I have written poems for more than forty years. The thing that drives every one of them is my desire for understanding, my passion for acuity, and my determination to see more than is there—to note and to elevate the overlooked. In that, I hope to create insights into the nature of things and find connections between things that seem to hide just beneath the veils of our vision and understanding. What I hope will emerge from the struggles of paying close attention and endless hours of reflection is to find the purple in the trunks and the branches of trees, and beyond that a comprehension of why that matters. When I succeed (often I don’t), that insight can be shared with others who might be willing to read what I write. There is a magic to it that I have yet to fathom; I don’t know where these poems come from or when they will arrive, or how they find me. But I live my life trying to be ready to receive them when they do. (Other poets may write in a more deliberate or planned way, and that is just as valid.)
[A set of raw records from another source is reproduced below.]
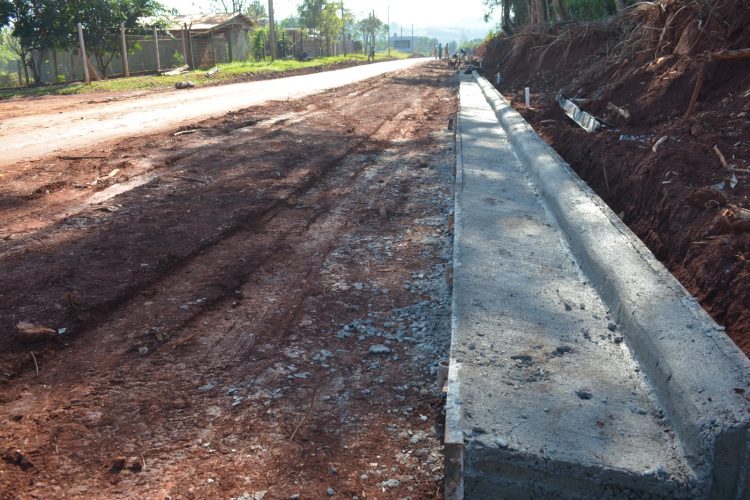 OBERÁ: Obras de cordón cuneta y empedrado avanzan en la ciudad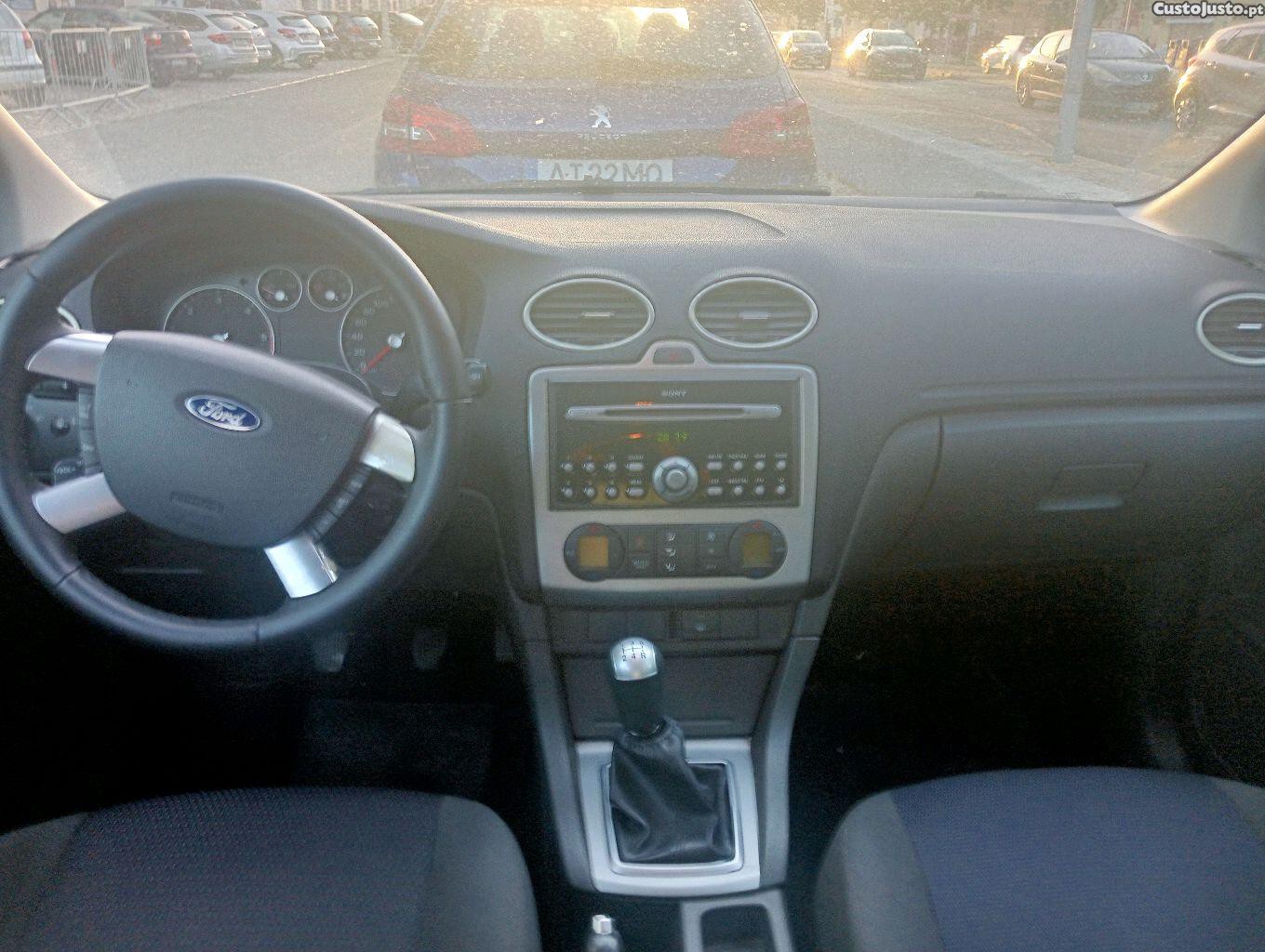 Ford Focus 1.6 Tdci 110cv — fotografia 6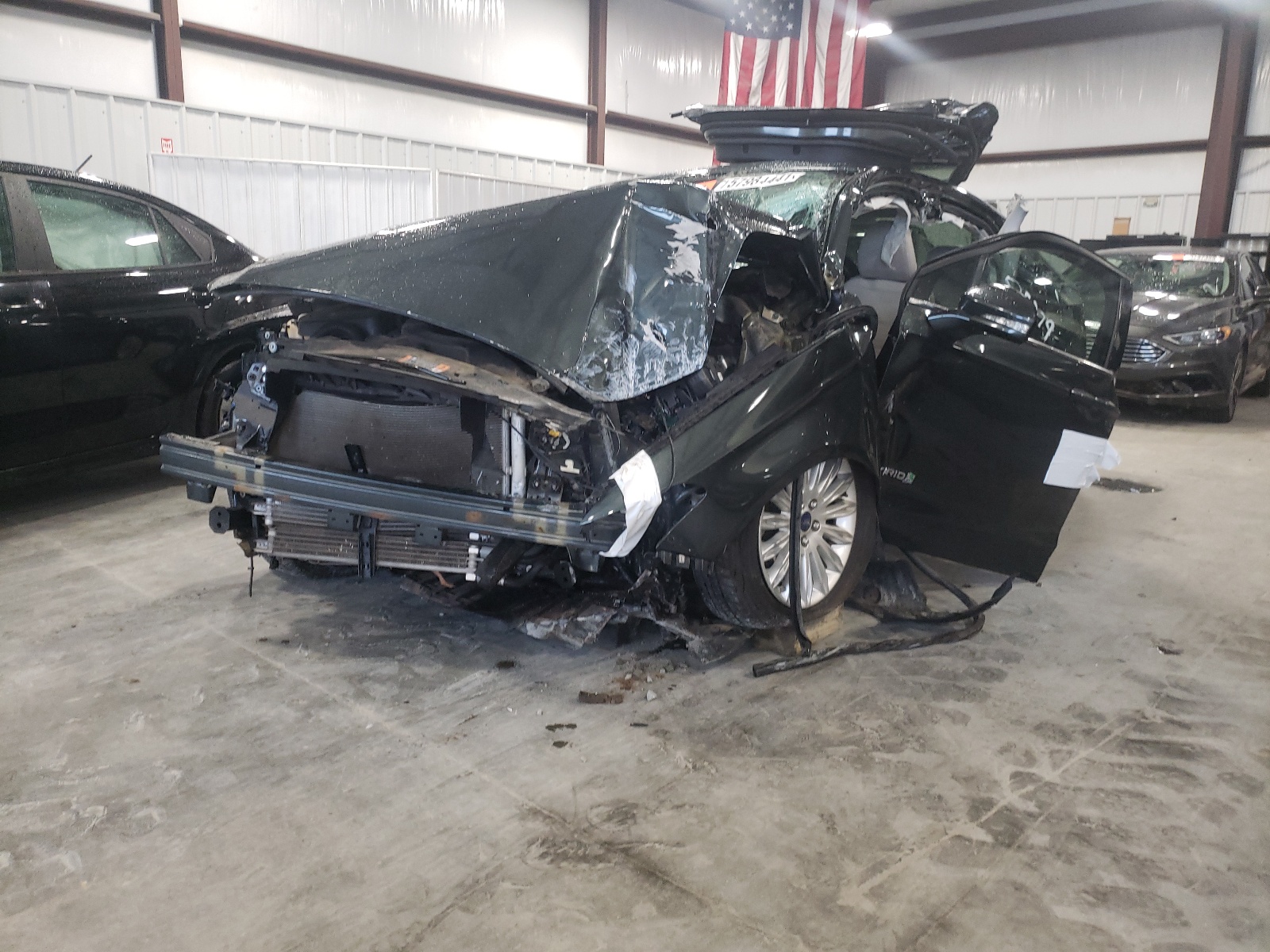 Photo 9 from auction – 2015 FORD FUSION SE with VIN 3FA6P0LU5FR254368
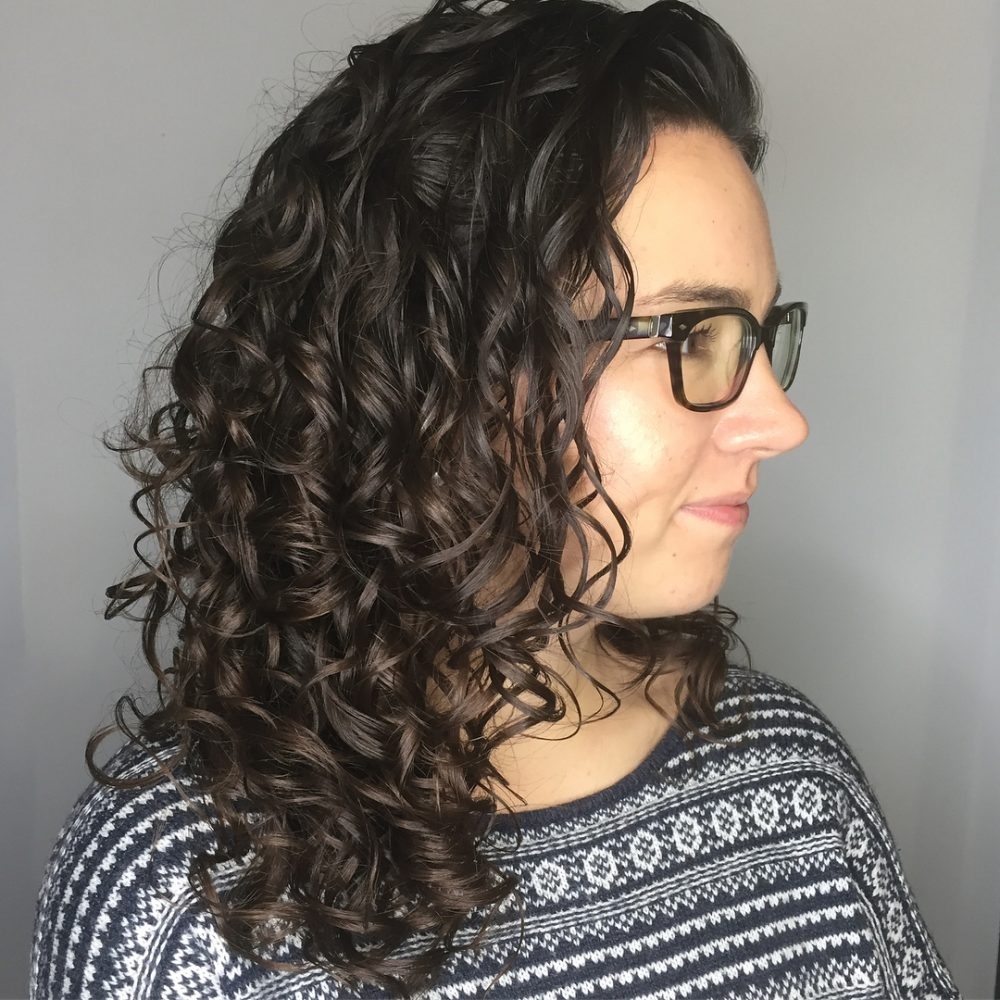 30 Gorgeous Medium Length Curly Hairstyles For Women In 2018 intended for Curly Hairstyle For Medium Hair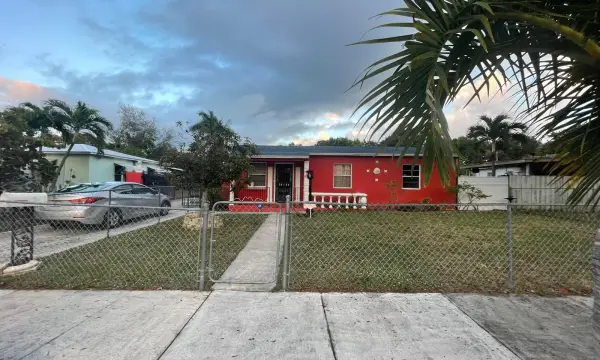 3024 Glenwood Road, West Palm Beach, FL 33405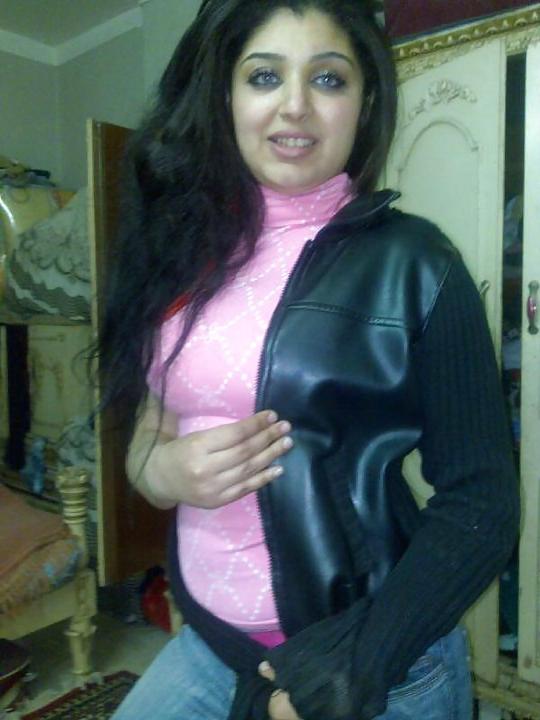 25P ARAB TEEN BEAUTY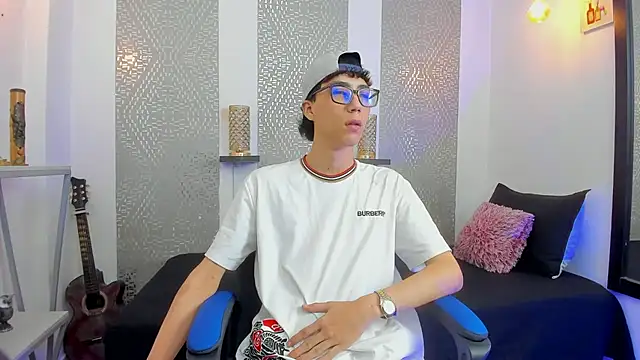 Snapshot of Nikolay_Gregori chatting on 26, 2, 2025 Nikolay Gregori online show from 26, 2, 2025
Poet Daniel Thomas Moran (right) and painter August Mosca (Image courtesy of Daniel Thomas Moran)

The best way I can explain it is to say that, for this poet, writing poetry is like a waking dream. We all know that feeling of waking in our bed and recalling a dream we just had. At the outset, it sometimes doesn’t make sense. There are places and people and events and we’re left to wonder why they all gathered that night in the rooms of our dreaming. And yet, even if we are wont to explain it all in literal terms the way we might add a column of numbers, knowing that they must always arrive at a defined result, there is something transcendent about dreams, something comforting. In them is a truth beyond our waking reality. Poets are dreamers, surrounded by metaphors and symbolism. The world presents puzzles to us every day. Poets like to play with those puzzles, and they infuse themselves into them in ways that aren’t obvious, especially if the poem has any merit. My wife will often look at me and say, “Where are you?” and I reply that she knows where I am, she has lived with me a long time. I am in that place where poems might be found. It’s where I live many hours of the day, in the playground of my imagination.

Imagine how bleak the world would be without poetry. There would be no Shakespeare, no Whitman, no songs, and no holy books. It’s all poetry. Like all art, poetry asks us to be willing to take a journey, to explore, and to be patient. Not all art affects all people the same way. I’ve wandered museums and seen many things that did not move me at all. But when I find that one thing that does, it is profound and delightful. It calls out to me, and I want to climb into it and look around. It makes me wonder and marvel. It makes me sigh with recognition, and it makes my life just a little bit richer. I have written many books of poems and read many as well. If, in a collection, I find one poem that lights me up, even one line in one poem that lights me up, it has been a worthy effort. When I give someone a book of mine, I tell them my only hope is that they find something in it that means something to them. I hope that in my poems, they might be able to see the purple in the trunks and branches of trees. I hope that in them they find something luminous and moving. I hope that in them, they find themselves.